Réunis en congrès national dans un contexte de fortes tensions sociales, les médecins, pharmaciens et chirurgiens-dentistes affiliés au SAMES ont dressé un réquisitoire sévère contre l’état du système de santé public sénégalais. Le syndicat prévient : l’année 2026 pourrait être marquée par une intensification des luttes.
Selon walf-groupe.com, le Syndicat Autonome des Médecins, Pharmaciens et Chirurgiens-Dentistes du Sénégal (SAMES) a tenu, ce samedi, son Congrès national dans un climat de crispation persistante au sein du secteur de la santé. Placées sous le thème : « Recrutement, motivation et rétention des médecins, pharmaciens et chirurgiens-dentistes : quelles réponses syndicales durables ? », les assises ont servi de tribune à un diagnostic sans concession du système sanitaire public.
Prenant la parole, le secrétaire général du SAMES, Demba Ndour, a dénoncé un hôpital public devenu « non attractif », miné par la précarité des conditions de travail et l’absence de perspectives de carrière. Selon lui, le paradoxe est criant : alors que le Sénégal affiche des ratios historiquement faibles de professionnels de santé par habitant, de nombreux jeunes diplômés issus des facultés de médecine demeurent sans emploi ou se voient proposer des contrats qualifiés de « léonins et déshumanisants ».
Pour le SAMES, cette situation, imputée à l’État, nourrit une fuite massive des cerveaux vers le privé ou l’étranger, au détriment de la souveraineté sanitaire du pays. « Cette précarité organisée est une bombe à retardement », a averti Demba Ndour.
Sur le plan syndical, le ton s’est durci. Le secrétaire général a estimé que le pacte de stabilité sociale, pourtant respecté par les syndicats, n’a pas été honoré par la partie gouvernementale. « Nous avons fait preuve de responsabilité, mais les promesses n’ont pas été tenues », a-t-il martelé, annonçant que 2026 sera une année hautement syndicale, marquée par une présence accrue « sur le terrain ».

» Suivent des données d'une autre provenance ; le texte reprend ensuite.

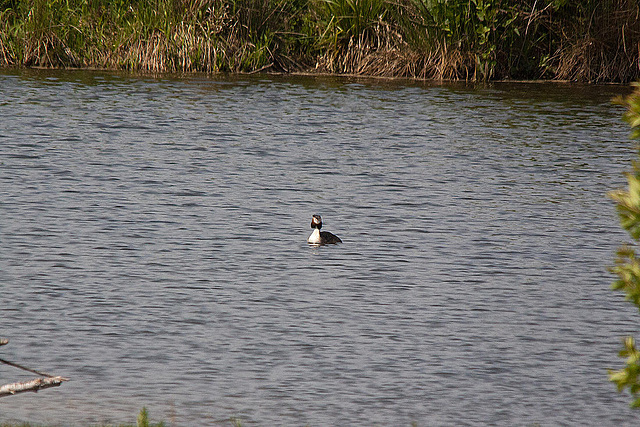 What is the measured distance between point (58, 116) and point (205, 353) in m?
12.5

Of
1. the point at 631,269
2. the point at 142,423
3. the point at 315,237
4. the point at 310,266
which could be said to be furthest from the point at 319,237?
the point at 631,269

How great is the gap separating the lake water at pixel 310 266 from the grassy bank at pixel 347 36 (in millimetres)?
3983

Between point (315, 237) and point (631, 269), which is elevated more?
point (631, 269)

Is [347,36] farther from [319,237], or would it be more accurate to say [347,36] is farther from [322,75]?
[319,237]

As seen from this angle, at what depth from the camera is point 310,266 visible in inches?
415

Malgré cette posture combative, toujours selon walf-groupe.com, le SAMES se veut également force de propositions. Le syndicat appelle à une introspection profonde de l’État afin de revaloriser les salaires, intégrer les jeunes diplômés dans le circuit public et offrir des carrières dignes aux agents de santé. À défaut, prévient-il, le système de santé sénégalais court vers un effondrement irréversible.